* **WORK TO BE COMPLETED**
Below are entries with pictures among them; reproduce exactly, and only, the lines from the one containing "Back with Red Detail Leather Sunglasses Case" down to the one containing "A jealous samurai", without the pictures.

* **EXTRACTED MATERIAL**
- - - - -
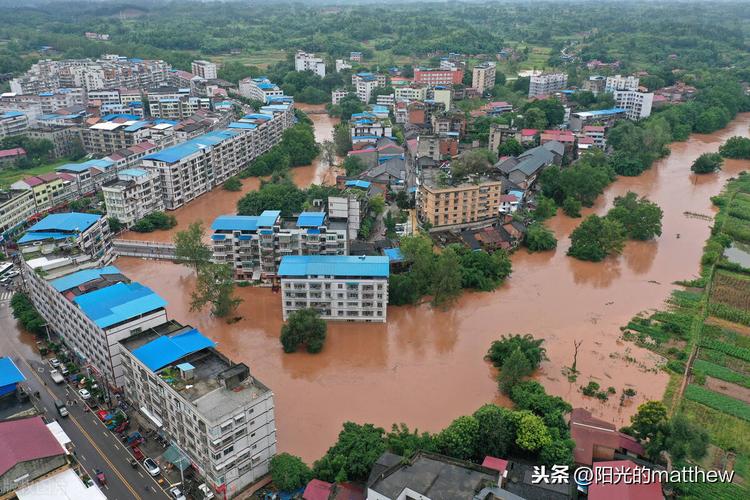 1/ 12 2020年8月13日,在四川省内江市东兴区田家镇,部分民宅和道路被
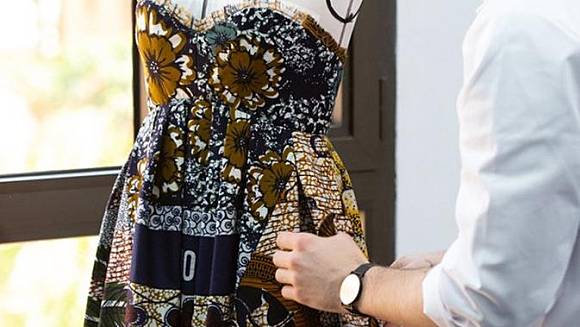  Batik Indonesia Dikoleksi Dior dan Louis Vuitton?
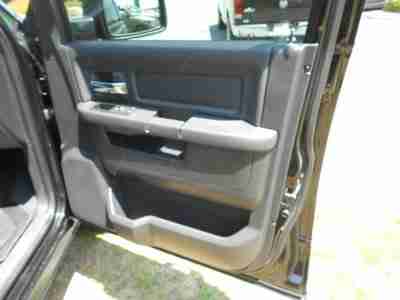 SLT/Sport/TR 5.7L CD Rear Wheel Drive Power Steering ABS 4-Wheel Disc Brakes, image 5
- - - - -
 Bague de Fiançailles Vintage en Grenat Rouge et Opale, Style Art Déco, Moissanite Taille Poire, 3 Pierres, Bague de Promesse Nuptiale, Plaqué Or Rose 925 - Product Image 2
- - - - -
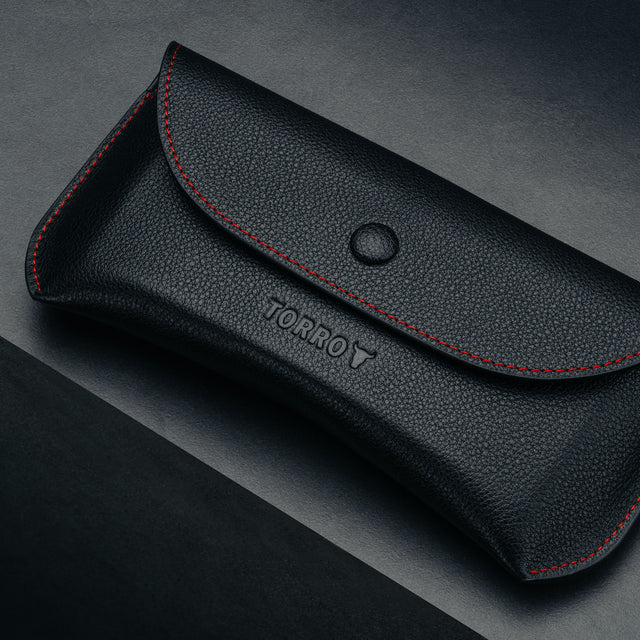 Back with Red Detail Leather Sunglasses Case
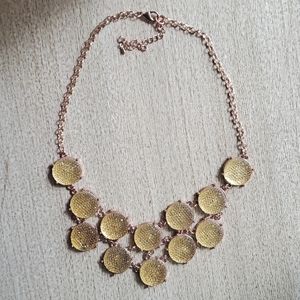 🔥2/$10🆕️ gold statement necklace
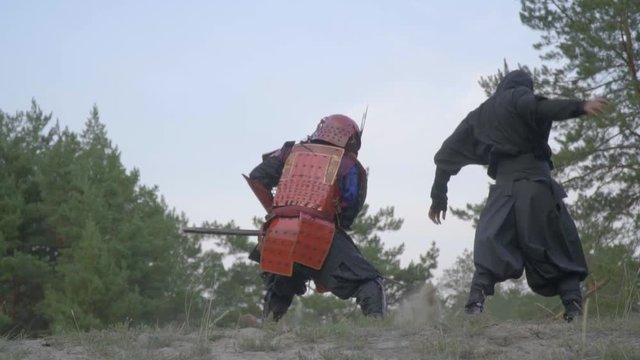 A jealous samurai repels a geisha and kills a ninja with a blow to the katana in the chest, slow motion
- - - - -
* **EXERCISE RESPONSE**
 Back with Red Detail Leather Sunglasses Case
 🔥2/$10🆕️ gold statement necklace
 A jealous samurai repels a geisha and kills a ninja with a blow to the katana in the chest, slow motion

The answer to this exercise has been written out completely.